Task goal —
Using the material below, print the line that contains "Photo 11 VIN: KMHD84LF1LU074604", the line that contains "Roborock F25 Pro", and every line in between, exactly and nothing else.

Source information —
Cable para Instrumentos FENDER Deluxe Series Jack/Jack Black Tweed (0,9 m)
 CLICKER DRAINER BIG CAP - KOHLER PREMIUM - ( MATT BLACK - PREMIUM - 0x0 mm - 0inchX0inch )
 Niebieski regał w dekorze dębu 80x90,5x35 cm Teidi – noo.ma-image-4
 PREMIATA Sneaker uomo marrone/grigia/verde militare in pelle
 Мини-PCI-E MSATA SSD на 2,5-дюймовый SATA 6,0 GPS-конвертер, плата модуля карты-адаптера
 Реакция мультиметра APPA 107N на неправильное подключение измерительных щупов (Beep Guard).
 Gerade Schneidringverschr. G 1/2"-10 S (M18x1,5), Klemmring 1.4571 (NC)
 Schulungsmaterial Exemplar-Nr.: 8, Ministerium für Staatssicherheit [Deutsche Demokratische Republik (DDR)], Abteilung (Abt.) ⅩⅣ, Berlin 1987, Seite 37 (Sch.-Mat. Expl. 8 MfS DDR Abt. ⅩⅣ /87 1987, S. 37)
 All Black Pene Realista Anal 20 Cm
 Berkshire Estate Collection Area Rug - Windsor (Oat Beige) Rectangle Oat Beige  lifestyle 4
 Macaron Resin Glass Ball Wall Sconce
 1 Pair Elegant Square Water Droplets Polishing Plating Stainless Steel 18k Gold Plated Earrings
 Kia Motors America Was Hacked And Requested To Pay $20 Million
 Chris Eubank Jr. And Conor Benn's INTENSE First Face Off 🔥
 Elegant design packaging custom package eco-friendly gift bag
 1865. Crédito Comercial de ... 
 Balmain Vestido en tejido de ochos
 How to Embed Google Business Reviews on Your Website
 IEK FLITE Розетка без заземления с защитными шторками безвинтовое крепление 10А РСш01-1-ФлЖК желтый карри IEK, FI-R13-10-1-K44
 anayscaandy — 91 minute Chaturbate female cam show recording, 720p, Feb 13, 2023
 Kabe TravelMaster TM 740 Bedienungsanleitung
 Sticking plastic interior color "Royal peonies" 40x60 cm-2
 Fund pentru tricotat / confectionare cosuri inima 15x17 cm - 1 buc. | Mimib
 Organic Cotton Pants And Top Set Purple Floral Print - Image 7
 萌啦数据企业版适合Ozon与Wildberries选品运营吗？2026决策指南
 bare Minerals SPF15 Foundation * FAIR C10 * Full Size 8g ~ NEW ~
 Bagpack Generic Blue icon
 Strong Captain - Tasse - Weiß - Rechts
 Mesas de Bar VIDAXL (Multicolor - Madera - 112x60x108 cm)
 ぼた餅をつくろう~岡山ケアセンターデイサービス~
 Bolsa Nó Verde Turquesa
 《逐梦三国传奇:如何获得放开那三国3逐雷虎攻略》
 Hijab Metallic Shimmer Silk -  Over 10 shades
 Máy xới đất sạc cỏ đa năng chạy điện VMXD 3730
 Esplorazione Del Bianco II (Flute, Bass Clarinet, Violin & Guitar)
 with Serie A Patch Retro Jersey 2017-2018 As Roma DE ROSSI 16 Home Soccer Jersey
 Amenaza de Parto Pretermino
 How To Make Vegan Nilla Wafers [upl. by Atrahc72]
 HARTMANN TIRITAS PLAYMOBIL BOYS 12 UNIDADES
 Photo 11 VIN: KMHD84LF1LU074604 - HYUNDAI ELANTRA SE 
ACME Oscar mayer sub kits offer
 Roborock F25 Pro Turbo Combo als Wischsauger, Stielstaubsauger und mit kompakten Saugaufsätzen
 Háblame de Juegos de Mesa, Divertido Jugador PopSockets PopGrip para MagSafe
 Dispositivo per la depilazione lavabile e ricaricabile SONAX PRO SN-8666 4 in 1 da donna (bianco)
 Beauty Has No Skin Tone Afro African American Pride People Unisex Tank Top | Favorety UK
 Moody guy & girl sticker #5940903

Task solution —
 Photo 11 VIN: KMHD84LF1LU074604 - HYUNDAI ELANTRA SE 
ACME Oscar mayer sub kits offer
 Roborock F25 Pro Turbo Combo als Wischsauger, Stielstaubsauger und mit kompakten Saugaufsätzen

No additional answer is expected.